Day 1am - Flaw discovered
Day 1am - Flaw published
Day 1pm - Community working on solution
Day 2am - Patch released.
Day 2pm - Back to business as usual

Shall I do the same for Apple's flaw?

Might run out of space here :D
 
 
+3 #5 Bl0bb3r 2010-10-22 17:38
Quoting Warhead:
Shall I do the same for Apple's flaw?

Might run out of space here :D


That's a definitely. :D
Although, I doubt they would publish their software flaws.
 
 
-5 #6 Taoist 2010-10-23 18:54
Quoting Warhead:
Shall I do the same for Apple's flaw?

Might run out of space here :D






Could you? Using 3+ non-cherry picked examples? I am not being accusatory, I am merely interested what the dynamic looks like, and what the explanation might be. (The majority of the community isn't made up of programmers, perhaps?)
 
 
+2 #7 yourma2000 2010-10-26 16:28
I'm sure that all OS have a catalogue of flaws big and small which are yet to be identified.

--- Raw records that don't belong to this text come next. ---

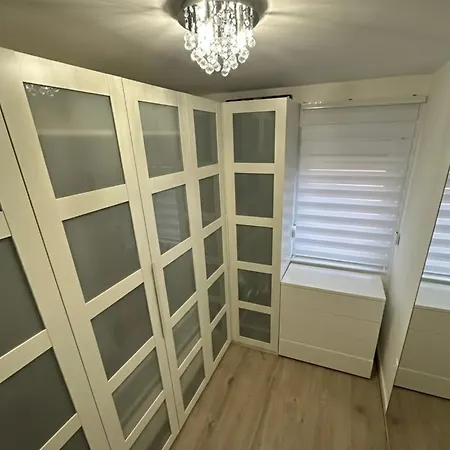 Prima Apartment
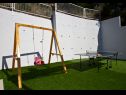 Casa vacanza Miho - with pool : H(12+4) Omis - Riviera Omis  - Croazia - parco giochi per i bambini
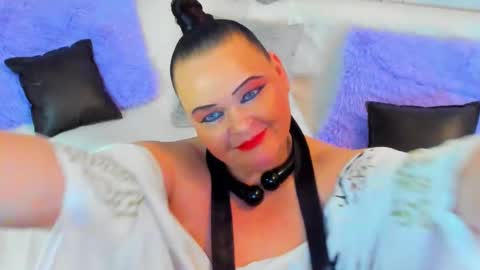 Snapshot of milanabiegert chatting on February 17, 3:42 pm Lana online show from February 17, 3:42 pm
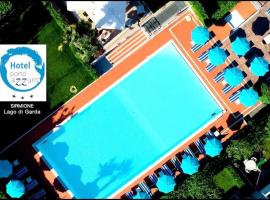 Hotel Porto Azzurro: Sirmione'de bir otel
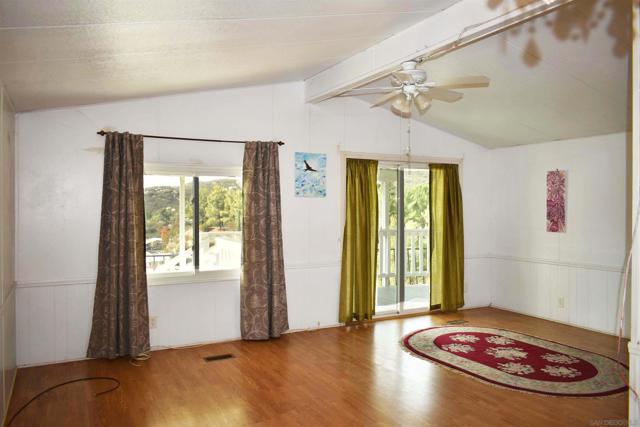 35109 Highway 79, Warner Springs CA: https://media.crmls.org/mediaz/253bcca8-361c-4eb1-83ea-592555bd13d2.jpg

People say that Windows is the most insecure of the three OSs, but that's only because it is the most used OS in the world and waves of hackers target the OS discovering security holes, if it were one of the Mac or Linux OSs then I'm sure they'd be in the same position, so I'd say that non of the major OSs are safe in their own right.